Career NFL statistics as of 2024
- Total tackles: 18
- Pass deflections: 1
- Stats at Pro Football Reference

= Cameron Young (American football) =

American football player (born 2000)

Cameron Colette Young II (born June 8, 2000) is an American professional football defensive tackle. He played college football for the Mississippi State Bulldogs and was selected by the Seattle Seahawks in the fourth round of the 2023 NFL draft.

==Early life==
Young grew up in Crosby, Mississippi and attended Franklin County High School.
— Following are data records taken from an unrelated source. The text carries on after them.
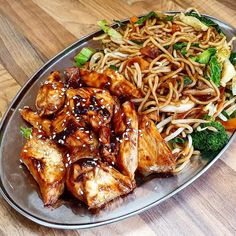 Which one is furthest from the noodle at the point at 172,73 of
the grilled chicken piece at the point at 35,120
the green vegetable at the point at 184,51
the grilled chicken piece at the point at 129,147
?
the grilled chicken piece at the point at 35,120

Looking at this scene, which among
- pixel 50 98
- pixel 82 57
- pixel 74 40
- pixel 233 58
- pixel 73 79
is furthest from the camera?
pixel 74 40

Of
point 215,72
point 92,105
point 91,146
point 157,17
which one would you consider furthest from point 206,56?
point 91,146

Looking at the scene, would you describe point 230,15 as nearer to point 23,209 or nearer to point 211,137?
point 211,137

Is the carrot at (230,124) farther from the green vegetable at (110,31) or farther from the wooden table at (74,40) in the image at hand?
the green vegetable at (110,31)

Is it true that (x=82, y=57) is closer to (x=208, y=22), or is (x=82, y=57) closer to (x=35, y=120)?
(x=35, y=120)

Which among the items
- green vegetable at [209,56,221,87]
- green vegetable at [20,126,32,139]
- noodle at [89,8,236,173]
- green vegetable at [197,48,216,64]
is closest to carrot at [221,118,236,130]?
noodle at [89,8,236,173]

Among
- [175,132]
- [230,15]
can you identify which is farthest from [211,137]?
[230,15]

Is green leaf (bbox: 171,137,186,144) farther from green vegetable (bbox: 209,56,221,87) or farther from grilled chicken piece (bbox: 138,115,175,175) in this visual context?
green vegetable (bbox: 209,56,221,87)

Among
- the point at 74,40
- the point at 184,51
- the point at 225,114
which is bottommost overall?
the point at 74,40
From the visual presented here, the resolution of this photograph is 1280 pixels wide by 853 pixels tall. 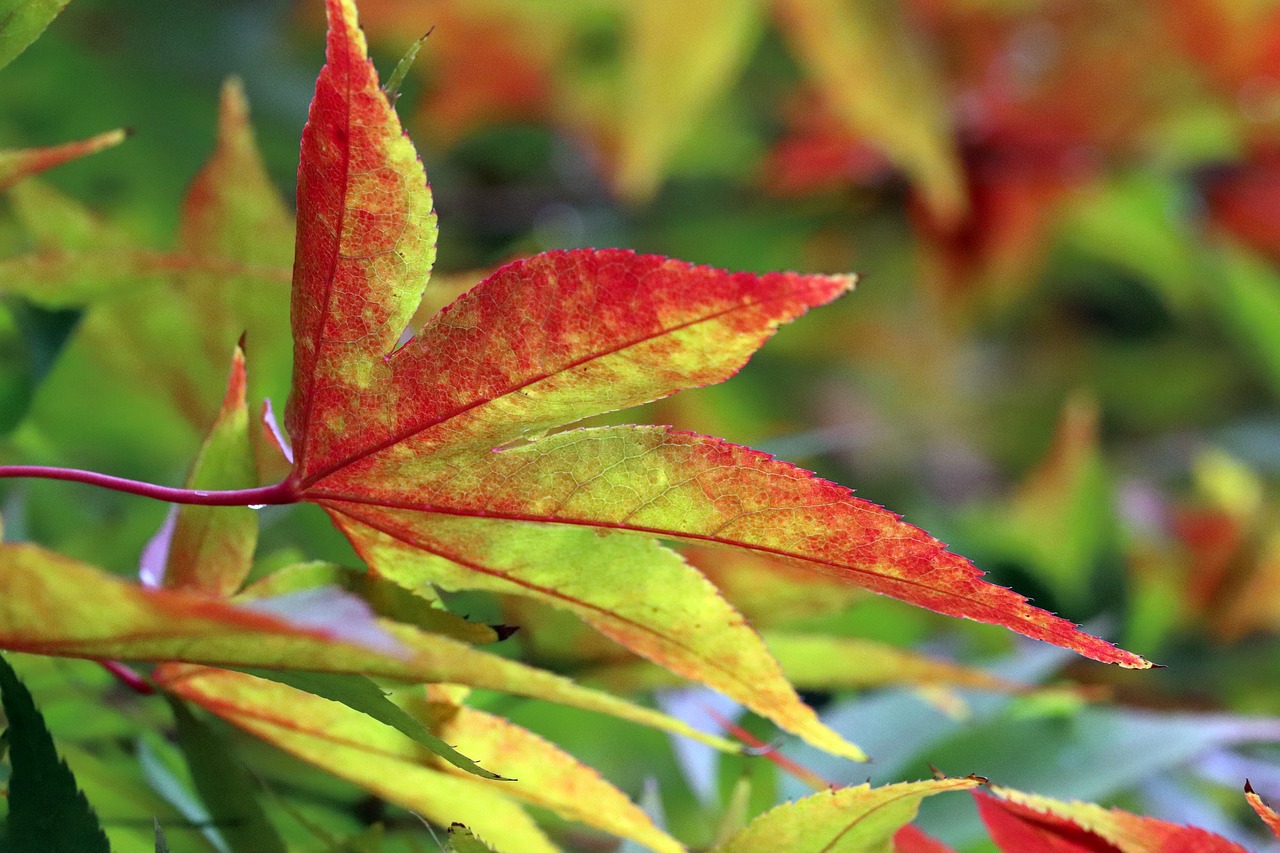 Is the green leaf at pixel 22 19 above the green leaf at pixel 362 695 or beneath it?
above

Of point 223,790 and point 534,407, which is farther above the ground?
point 534,407

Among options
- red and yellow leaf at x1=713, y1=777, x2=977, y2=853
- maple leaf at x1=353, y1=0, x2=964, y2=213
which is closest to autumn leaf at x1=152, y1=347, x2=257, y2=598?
red and yellow leaf at x1=713, y1=777, x2=977, y2=853

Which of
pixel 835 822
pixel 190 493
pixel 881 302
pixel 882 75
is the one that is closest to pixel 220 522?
pixel 190 493

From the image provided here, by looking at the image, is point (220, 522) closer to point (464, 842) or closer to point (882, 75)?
point (464, 842)

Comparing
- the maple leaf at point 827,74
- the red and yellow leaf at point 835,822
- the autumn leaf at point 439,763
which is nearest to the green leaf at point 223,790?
the autumn leaf at point 439,763

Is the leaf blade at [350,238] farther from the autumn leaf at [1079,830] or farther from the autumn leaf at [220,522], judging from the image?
the autumn leaf at [1079,830]

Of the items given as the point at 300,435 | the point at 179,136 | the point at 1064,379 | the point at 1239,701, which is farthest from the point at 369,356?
the point at 1064,379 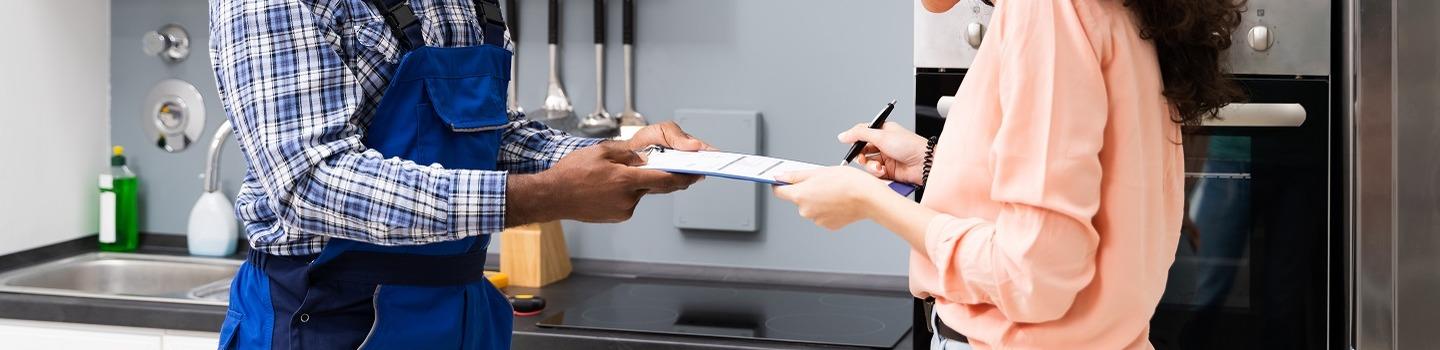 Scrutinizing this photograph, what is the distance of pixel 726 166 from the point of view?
1326 mm

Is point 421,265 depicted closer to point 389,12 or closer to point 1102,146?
point 389,12

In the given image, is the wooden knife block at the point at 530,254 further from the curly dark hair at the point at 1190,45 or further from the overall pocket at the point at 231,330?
the curly dark hair at the point at 1190,45

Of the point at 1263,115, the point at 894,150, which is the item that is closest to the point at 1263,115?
the point at 1263,115

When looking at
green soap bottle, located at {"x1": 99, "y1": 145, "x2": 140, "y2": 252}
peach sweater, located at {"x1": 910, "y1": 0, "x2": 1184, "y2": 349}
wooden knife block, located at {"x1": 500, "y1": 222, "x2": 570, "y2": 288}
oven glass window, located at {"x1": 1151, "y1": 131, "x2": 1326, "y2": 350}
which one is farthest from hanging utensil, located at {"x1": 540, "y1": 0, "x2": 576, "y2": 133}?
peach sweater, located at {"x1": 910, "y1": 0, "x2": 1184, "y2": 349}

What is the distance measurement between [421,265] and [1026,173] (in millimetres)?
703

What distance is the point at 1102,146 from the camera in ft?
3.53

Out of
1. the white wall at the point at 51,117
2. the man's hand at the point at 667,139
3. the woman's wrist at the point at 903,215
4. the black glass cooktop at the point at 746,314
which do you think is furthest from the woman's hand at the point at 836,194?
the white wall at the point at 51,117

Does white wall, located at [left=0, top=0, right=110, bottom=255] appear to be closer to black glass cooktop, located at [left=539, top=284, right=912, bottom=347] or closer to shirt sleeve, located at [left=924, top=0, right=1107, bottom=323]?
black glass cooktop, located at [left=539, top=284, right=912, bottom=347]

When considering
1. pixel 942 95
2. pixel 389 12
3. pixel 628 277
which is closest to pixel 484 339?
pixel 389 12

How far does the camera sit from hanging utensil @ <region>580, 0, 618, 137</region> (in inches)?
96.8

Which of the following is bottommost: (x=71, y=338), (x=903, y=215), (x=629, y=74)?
(x=71, y=338)

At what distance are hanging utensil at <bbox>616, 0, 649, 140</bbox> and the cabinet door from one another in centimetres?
87

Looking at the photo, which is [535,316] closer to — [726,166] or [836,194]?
[726,166]

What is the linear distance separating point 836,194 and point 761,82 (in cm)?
123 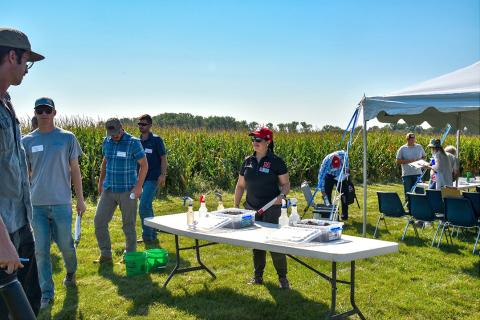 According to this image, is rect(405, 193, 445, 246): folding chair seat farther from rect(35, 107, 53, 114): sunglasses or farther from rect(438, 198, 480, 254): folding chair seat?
rect(35, 107, 53, 114): sunglasses

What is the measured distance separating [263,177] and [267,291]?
1.27 meters

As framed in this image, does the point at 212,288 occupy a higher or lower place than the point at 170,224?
lower

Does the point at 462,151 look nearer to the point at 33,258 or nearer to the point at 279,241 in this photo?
the point at 279,241

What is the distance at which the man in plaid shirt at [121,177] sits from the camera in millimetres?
6199

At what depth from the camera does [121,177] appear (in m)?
6.26

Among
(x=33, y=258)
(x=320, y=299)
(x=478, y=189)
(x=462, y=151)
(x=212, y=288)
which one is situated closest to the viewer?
(x=33, y=258)

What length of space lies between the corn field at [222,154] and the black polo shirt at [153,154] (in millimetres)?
5208

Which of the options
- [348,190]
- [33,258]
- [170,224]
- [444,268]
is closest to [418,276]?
[444,268]

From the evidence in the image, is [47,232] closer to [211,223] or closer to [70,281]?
[70,281]

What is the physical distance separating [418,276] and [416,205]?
6.96 feet

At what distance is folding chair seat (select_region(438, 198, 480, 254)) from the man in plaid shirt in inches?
180

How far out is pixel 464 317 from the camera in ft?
15.9

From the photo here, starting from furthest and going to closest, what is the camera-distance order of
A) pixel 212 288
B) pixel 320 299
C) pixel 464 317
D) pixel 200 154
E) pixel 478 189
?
pixel 200 154 → pixel 478 189 → pixel 212 288 → pixel 320 299 → pixel 464 317

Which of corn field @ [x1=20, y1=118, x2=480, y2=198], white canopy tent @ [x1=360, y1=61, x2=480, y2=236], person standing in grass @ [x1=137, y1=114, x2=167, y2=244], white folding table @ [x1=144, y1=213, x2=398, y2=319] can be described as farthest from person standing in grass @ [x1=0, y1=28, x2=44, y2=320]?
corn field @ [x1=20, y1=118, x2=480, y2=198] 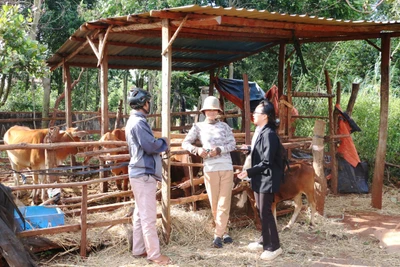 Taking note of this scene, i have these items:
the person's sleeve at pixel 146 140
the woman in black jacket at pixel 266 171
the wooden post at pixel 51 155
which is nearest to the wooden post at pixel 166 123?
the person's sleeve at pixel 146 140

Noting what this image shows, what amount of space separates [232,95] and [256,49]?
144cm

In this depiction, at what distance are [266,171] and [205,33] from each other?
2.87m

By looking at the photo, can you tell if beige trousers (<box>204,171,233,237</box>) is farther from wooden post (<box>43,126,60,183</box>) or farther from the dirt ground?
wooden post (<box>43,126,60,183</box>)

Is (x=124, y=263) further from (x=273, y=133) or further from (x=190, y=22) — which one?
(x=190, y=22)

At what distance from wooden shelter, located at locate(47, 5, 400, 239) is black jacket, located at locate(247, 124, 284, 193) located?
1204mm

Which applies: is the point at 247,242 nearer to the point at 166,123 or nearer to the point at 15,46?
the point at 166,123

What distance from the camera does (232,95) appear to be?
9.62 meters

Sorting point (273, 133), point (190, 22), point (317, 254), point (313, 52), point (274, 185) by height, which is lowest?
point (317, 254)

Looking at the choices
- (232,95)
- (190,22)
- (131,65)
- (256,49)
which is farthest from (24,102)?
(190,22)

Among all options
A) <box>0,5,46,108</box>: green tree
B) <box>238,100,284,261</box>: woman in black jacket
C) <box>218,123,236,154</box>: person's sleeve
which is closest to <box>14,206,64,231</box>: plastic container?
<box>0,5,46,108</box>: green tree

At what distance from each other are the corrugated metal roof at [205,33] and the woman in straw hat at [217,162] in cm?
115

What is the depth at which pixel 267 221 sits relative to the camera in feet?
14.9

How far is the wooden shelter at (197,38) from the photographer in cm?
493

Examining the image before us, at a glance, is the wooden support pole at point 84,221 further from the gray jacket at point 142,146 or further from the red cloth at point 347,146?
the red cloth at point 347,146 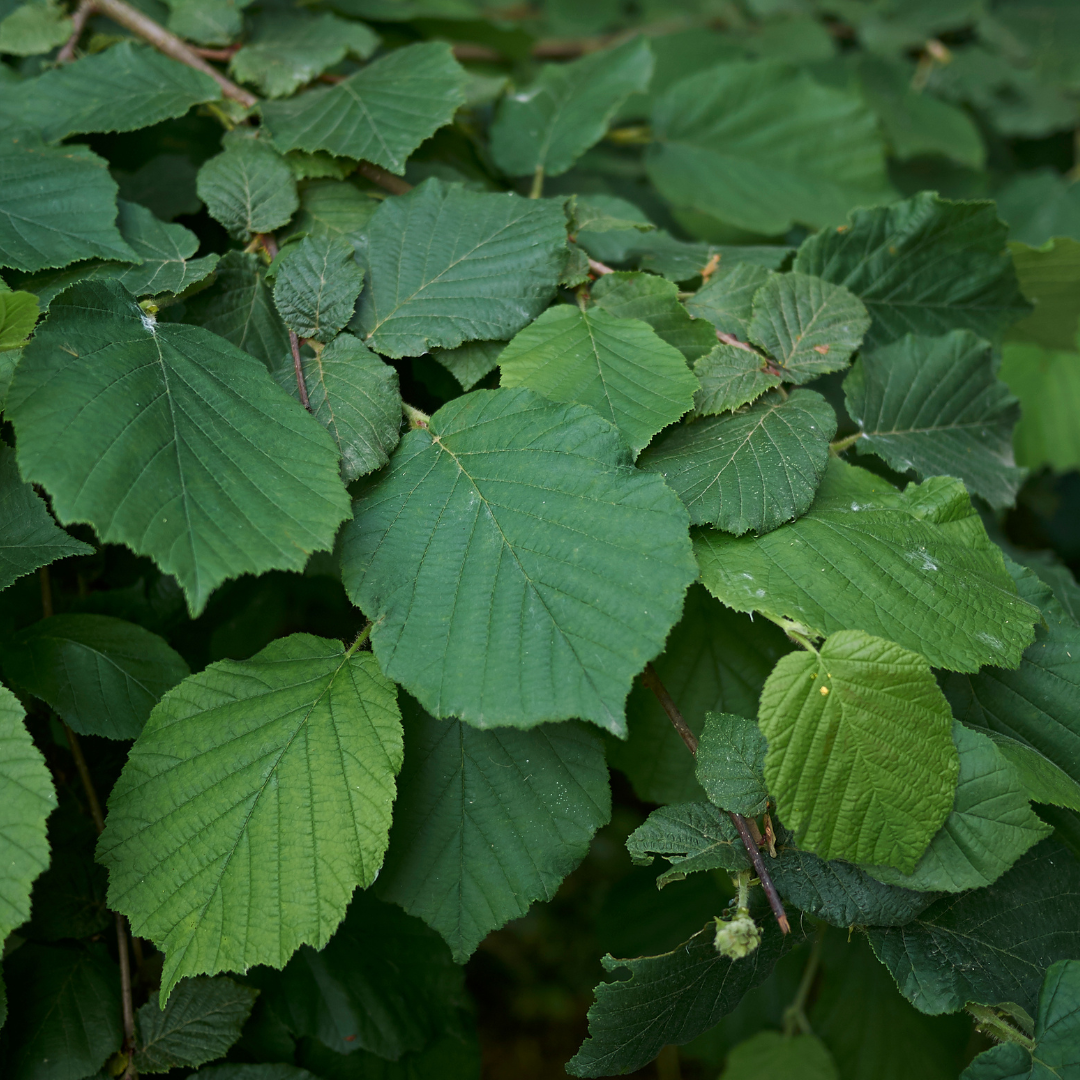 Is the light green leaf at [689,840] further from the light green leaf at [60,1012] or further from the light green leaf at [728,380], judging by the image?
the light green leaf at [60,1012]

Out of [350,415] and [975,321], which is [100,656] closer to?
[350,415]

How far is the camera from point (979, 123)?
2465mm

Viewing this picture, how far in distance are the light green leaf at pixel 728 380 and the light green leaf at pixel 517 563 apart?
0.19 metres

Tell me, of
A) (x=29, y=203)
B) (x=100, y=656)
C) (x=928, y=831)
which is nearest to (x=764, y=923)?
(x=928, y=831)

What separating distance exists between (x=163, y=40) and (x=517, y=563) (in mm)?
1230

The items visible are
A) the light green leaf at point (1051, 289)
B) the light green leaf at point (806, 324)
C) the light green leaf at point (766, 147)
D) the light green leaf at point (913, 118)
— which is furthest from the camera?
the light green leaf at point (913, 118)

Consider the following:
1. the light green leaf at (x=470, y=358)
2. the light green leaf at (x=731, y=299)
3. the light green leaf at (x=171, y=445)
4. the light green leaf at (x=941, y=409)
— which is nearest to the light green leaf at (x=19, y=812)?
the light green leaf at (x=171, y=445)

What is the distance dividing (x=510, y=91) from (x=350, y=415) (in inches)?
37.5

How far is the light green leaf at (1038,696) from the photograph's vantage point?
1013 mm

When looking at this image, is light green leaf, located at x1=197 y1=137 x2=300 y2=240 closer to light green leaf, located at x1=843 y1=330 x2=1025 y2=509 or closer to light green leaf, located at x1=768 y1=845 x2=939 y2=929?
light green leaf, located at x1=843 y1=330 x2=1025 y2=509

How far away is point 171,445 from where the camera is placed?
0.87 metres

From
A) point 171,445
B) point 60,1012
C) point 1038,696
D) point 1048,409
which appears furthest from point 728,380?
point 1048,409

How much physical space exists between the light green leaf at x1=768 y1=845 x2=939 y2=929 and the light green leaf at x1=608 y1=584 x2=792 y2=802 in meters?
0.26

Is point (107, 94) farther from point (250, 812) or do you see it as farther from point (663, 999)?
point (663, 999) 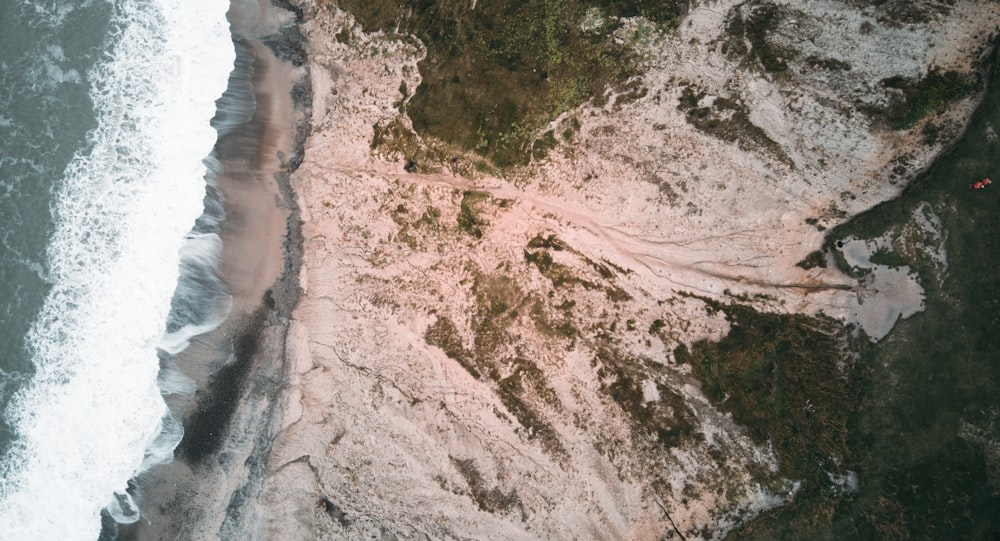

He initially planned on playing junior college football, but signed to play at Mississippi State after receiving a late offer from the school.

==College career==
Young played in one game during his true freshman season before redshirting the year. He began seeing significant playing time as a redshirt junior and made 51 tackles with 2.5 tackles for loss, three pass deflections, and one interception. Young made 37 tackles with three tackles for loss and one sack during his redshirt senior season.

==Professional career==

Pre-draft measurables
| Height | Weight | Arm length | Hand span | 40-yard dash | 10-yard split | 20-yard split | 20-yard shuttle | Three-cone drill | Vertical jump | Broad jump |
| 6 ft 3+3⁄8 in (1.91 m) | 304 lb (138 kg) | 34+1⁄2 in (0.88 m) | 10 in (0.25 m) | 5.10 s | 1.80 s | 2.94 s | 4.82 s | 7.97 s | 28.5 in (0.72 m) | 9 ft 0 in (2.74 m) |
All values from NFL Combine/Pro Day

===Seattle Seahawks===
Young was selected by the Seattle Seahawks with the 123rd overall pick in the fourth round of the 2023 NFL draft.

On July 18, 2024, Young was placed on the active/physically unable to perform (PUP) list, and was placed on reserves to begin the season. He was activated on October 10, 2024. Young was waived by Seattle on April 23, 2025.

===Green Bay Packers===
On June 10, 2025, Young signed with the Green Bay Packers. He was released by Green Bay on July 18, 2025.

=== Birmingham Stallions ===
On January 14, 2026, Young was selected by the Birmingham Stallions of the United Football League (UFL).